Input data
================================
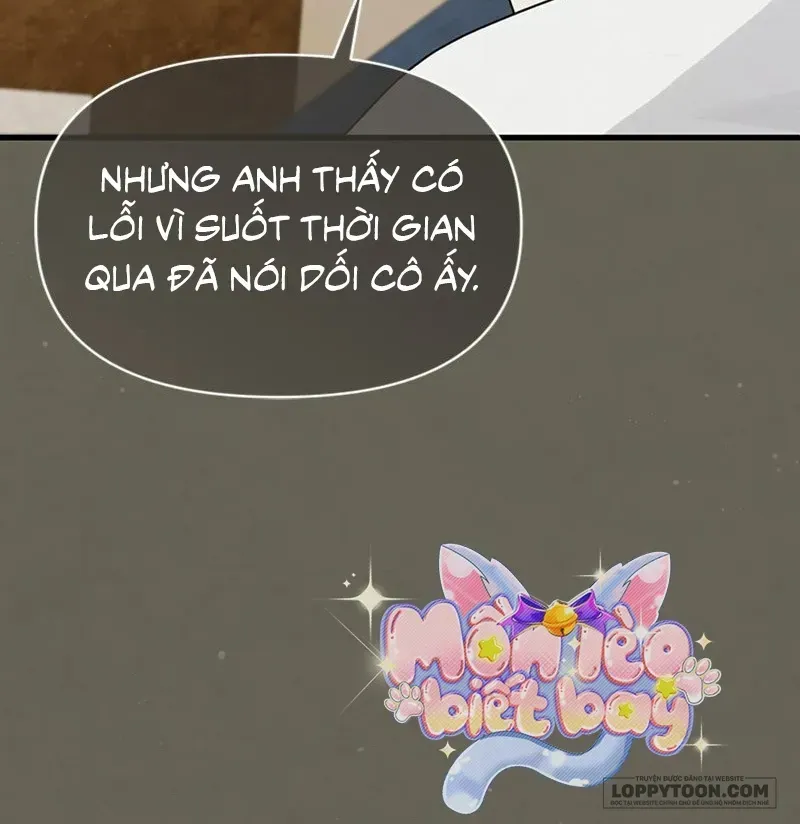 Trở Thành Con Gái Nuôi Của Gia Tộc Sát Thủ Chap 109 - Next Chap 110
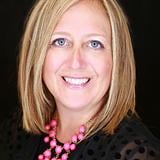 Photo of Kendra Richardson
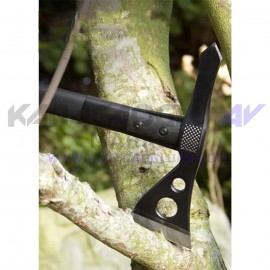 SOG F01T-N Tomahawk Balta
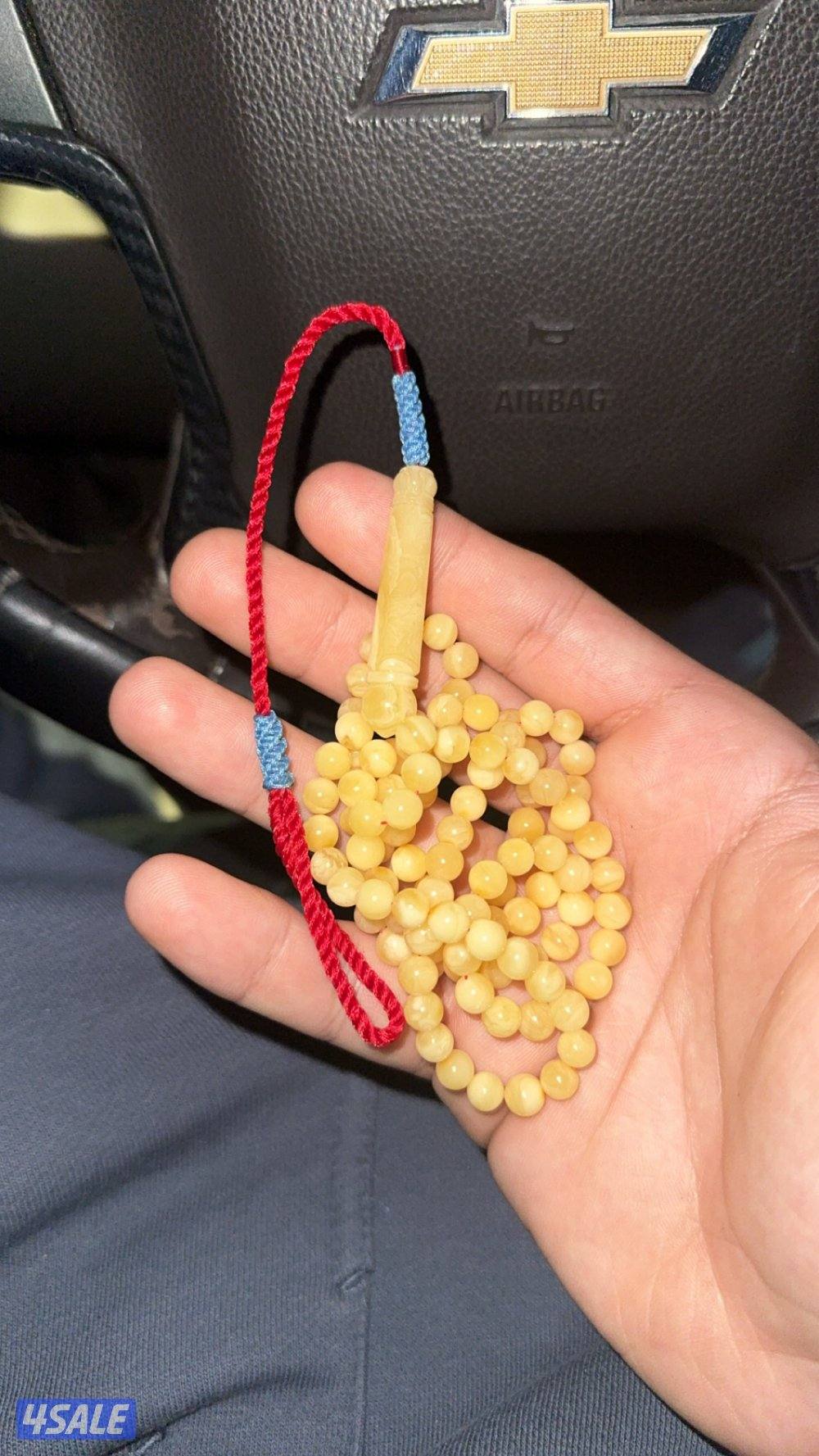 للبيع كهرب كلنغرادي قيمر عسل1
================================
Your assignment
Exclude the pictures, and transcribe all of the material exactly.

Reply
 Trở Thành Con Gái Nuôi Của Gia Tộc Sát Thủ Chap 109 - Next Chap 110
 Photo of Kendra Richardson
 SOG F01T-N Tomahawk Balta
 للبيع كهرب كلنغرادي قيمر عسل1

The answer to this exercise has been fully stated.